All tract level data was pulled from the American Community Survey for the year 2015 to ensure the data were collected before the infrastructure grant had the opportunity to affect such demographics. After potential variables of interest were identified, a step function utilizing AIC was implemented to bring out only the most significant variables.

Models

We modeled the effects of the program using a linear regression model where the effects of the program were captured by a variable equal to fixed effects for each year multiplied by an indicator for the presence within the project area. After selecting a set of variables we believed could play a role in internet speeds in an area, we ran our model through a step function designed to select only those variables which were most significant.

Model for Download Speeds

We measured the natural log of the average download speed in kilobits per second.
Download Model


Model for Upload Speeds

We measured the natural log of the average upload speed in kilobits per second.
Upload Model


Model For Latency

We measured the natural log of the average latency in milliseconds.
Latency Model

Conclusion

Overall, it seems that our model attributes most of the variation in internet quality to tract level demographic data. For example, the minority population and number of renters in an area were highly indicative of internet quality. This may be due to the fact that both of these variables tend to be higher in urban areas, where it is more profitable for companies to invest in improving internet. In each model, internet speed was also shown to improve over time and to have been of higher quality outside the project area in general. These findings are consistent with the assumptions that internet would improve as technology advances and that this region is likely only receiving a grant due to its initially poor internet quality.

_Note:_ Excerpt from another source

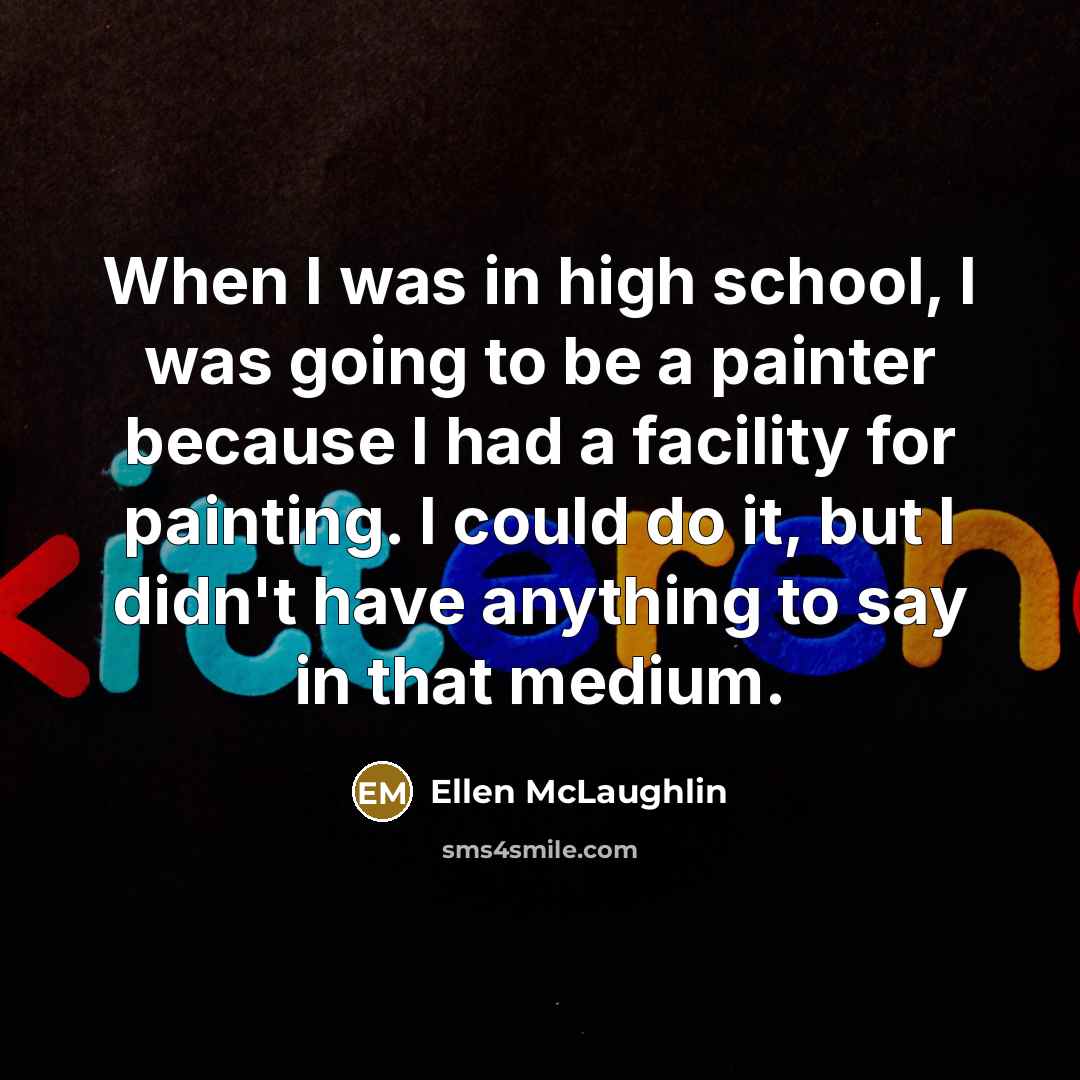 “When I was in high school, I was going to…” quote by Ellen McLaughlin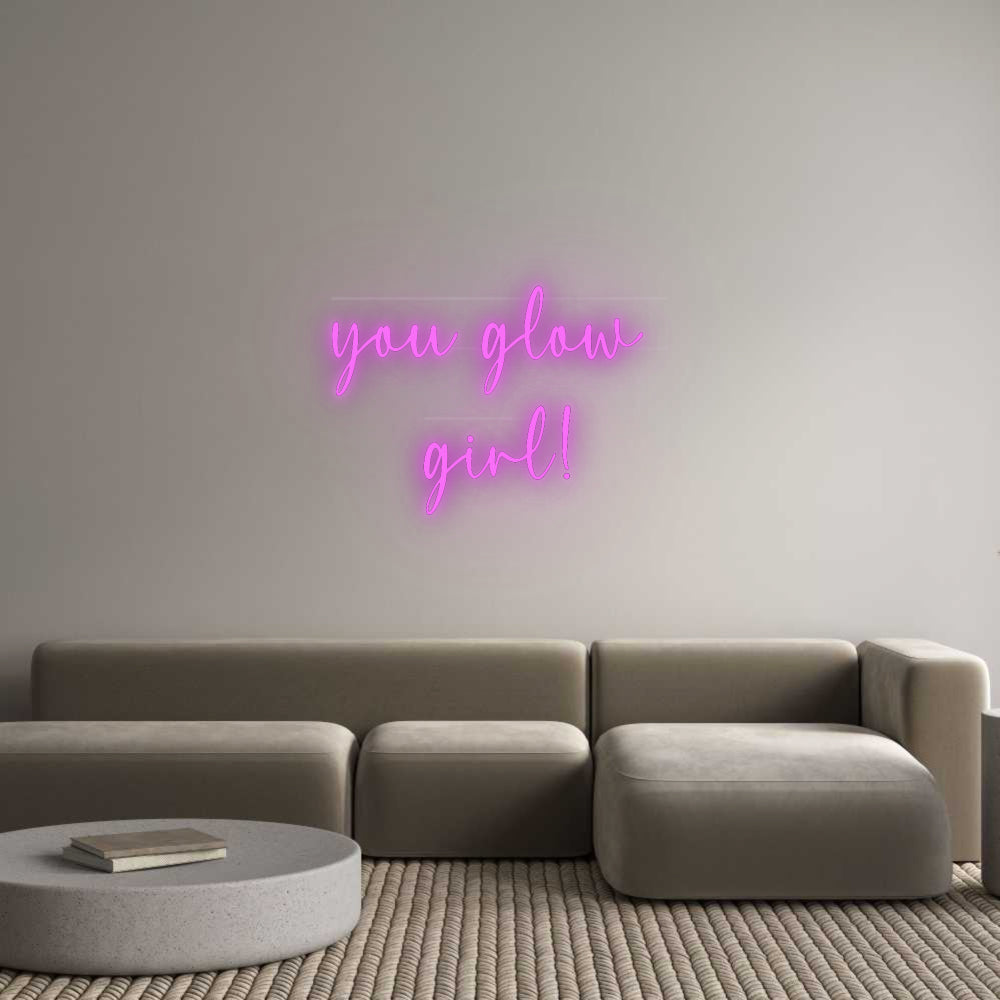 Custom Neon: you glow 
gi...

However, for each of the three metrics Ookla employs to measure internet quality, the typical measures of statistical significance recognized the effect of the program as an insignificant factor in determining the overall value of metric. In fact, in the latency model, the step function removed this variable altogether due to its lack of significance. This apparent lack of program effectiveness may be due to the program being incomplete as of the time of data collection.

Next Steps

Nonetheless, we hope to be able to apply this methodology to other project areas with the larger goal of measuring the nationwide impact of these programs. If we were to implement this model again, we would start with a project which received funding at an earlier date. This selection would allow us to be more certain construction on the project was actually proceeding as Ookla data was collected. Additionally, going forward we would hope to implement spatial regression techniques to ensure that we are giving more weight to comparisons between Ookla tiles which are nearby each other.